秋月電子は、玄人相手の商売が普通だった秋葉原で、素人という新しい顧客を開拓した。しかし、客に対する対応は玄人相手のままのようだ。このギャップが今回の問題の一因ではないだろうか。
〇エンジニア
Twitterへの投稿のタイトルが「つばさ@エンジニア」になっていて、この部分に反応した人も多かったようだ。投稿の技術的な内容が「エンジニア」のやり取りには思えないと思った人は多いようだ。
日本では、技術者、技能者から技能系作業者までエンジニアと称するからややこしい。 「エンジニア、テクノロジスト、テクニシャン」(2016/08/02) 最近はアートと技術が近づいてきた。(Arduinoの存在は大きい) アートと技術の双方に明るい人は貴重だ。ところが、アート界隈ではエンジニアと名乗り、技術界隈ではアーティストと名乗る人は厄介だ。
また、エンジニア(技術者)とテクニシャン(技能者)を分けて考える人も少ない。技術者は知識ベース、技能者はスキルベースで両方の能力を持っている人材は少ないから、製造の現場では設計と製造は分けるのが普通だ。
この件の場合、投稿者は電子回路の妥当性とそれを実現するための実装に関する質問をしたようだ。しかし、それに応えられる人は少ない。普通に考えれば部品屋のレジにはいないだろう。
エンジニア(技術者)を名乗るなら電気回路の妥当性は判断できるだろう。そして、必要な部品の仕様を示せるだろう。
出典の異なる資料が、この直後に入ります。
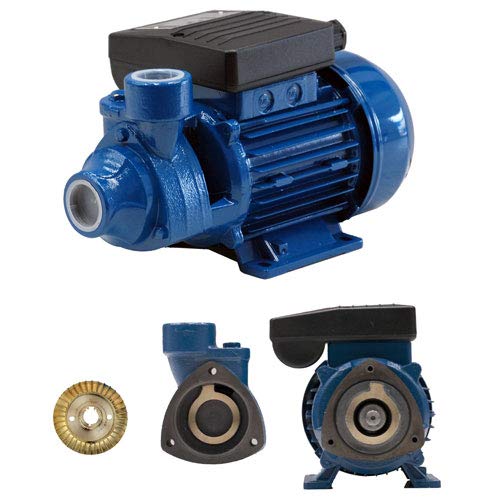 BCN Water Pump - PE-50M Peripheral Pump, Cast Iron & Steel Construction, Monophasic - Ideal for Irrigation, Drainage, and Water Transfer in Homes & Farms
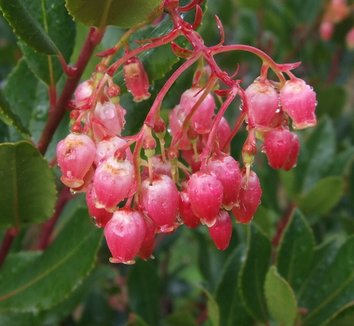 Arbutus unedo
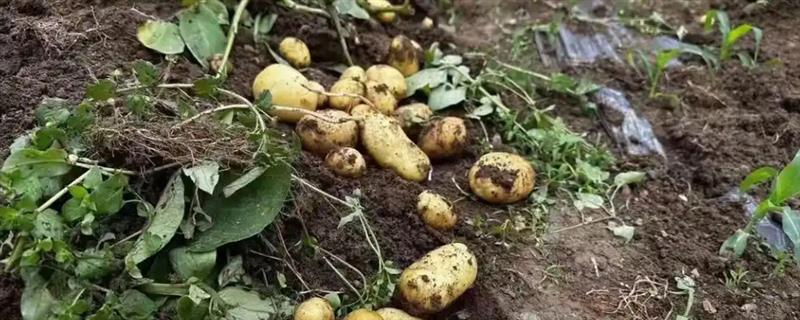 一株土豆要留几根苗，留2-3棵苗最好
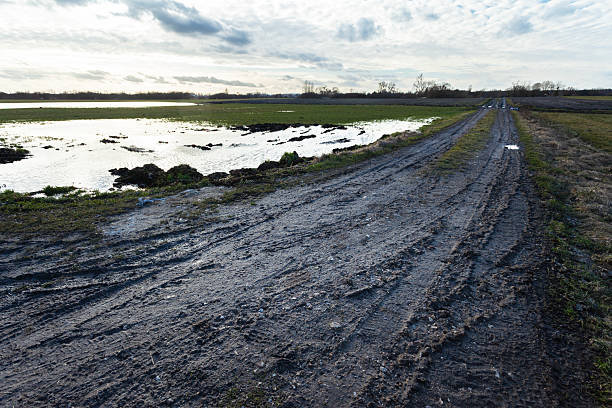 a car stuck on a muddy road, a daylight shot, no people
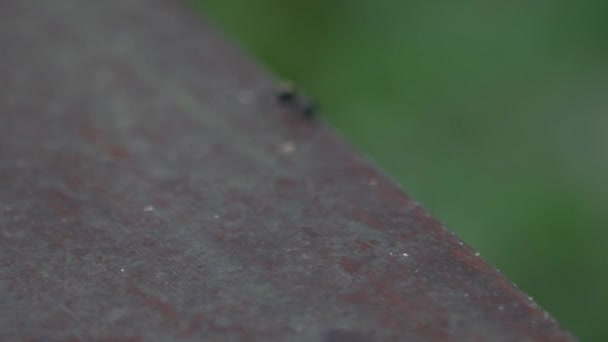 Macro slow motion of a big black ant Polyrhachis latona walking in the wild of forest at Taiwan. Gros plan de Slow-mo d'insectes formicaires.-Dan 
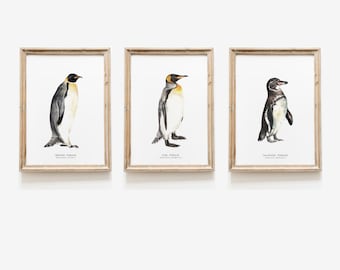 Set of 3 watercolor penguins | penguin species prints | living room, nursery animal, home wall décor | ocean beach house wall art | gift set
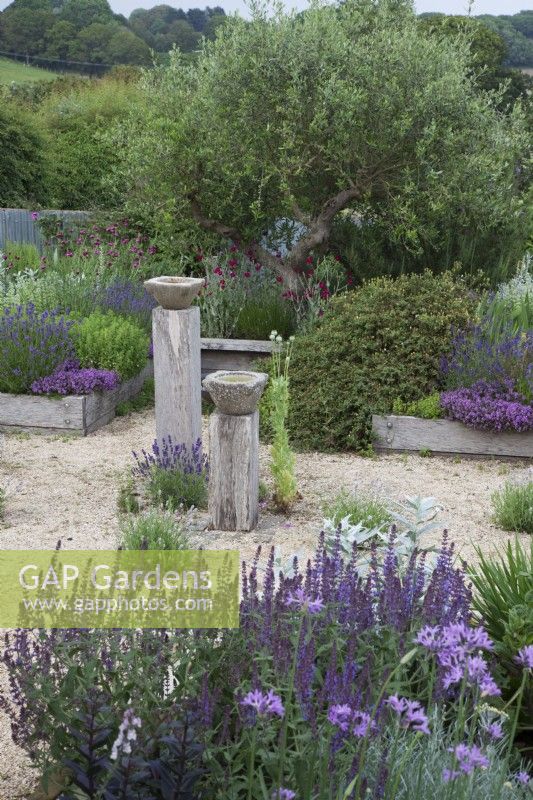 The Yard Garden - A drought tolerant Mediterranean Influenced garden. Raised oak sleeper beds with feature ancient Tuscan Olive Tree. Main Raised Beds filled with mixed Lavenders, including Lavandula angustifolia 'Hidcote', Artemisia ludoviciana  ' Valerie Finnis', Antique Marble Mortar Bird Baths set on oak posts and Lavandula angustifolia  'Hidcote', and 'Rosea' in gravel. Backed by a corrugated iron fence.
Foreground Plants -Tulbaghia Violacea, Salvia nemorosa 'Caradonna', Helichrysum italicum -Curry Plant.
今時、テクニシャン(技能者)でなくても、ネットを使うとその仕様に該当する製品の型番くらいは調べることができる。
秋月電子の店員は、示した型番の部品の在庫があるかどうかの知識は当然ある。
「エンジニア」を名乗りながら、すべてを店員に委ねたのが、炎上した一因かもしれない。
〇まとめ
- 不毛な問答を回避するのは技術ではなくヒューマンスキルである。
- 秋月電子は、素人という顧客を開拓したが、対応は玄人を想定している。
- 電子部品販売店に電気回路の妥当性の判断、部品の選択、部品選択の妥当性の判断は委ねられない。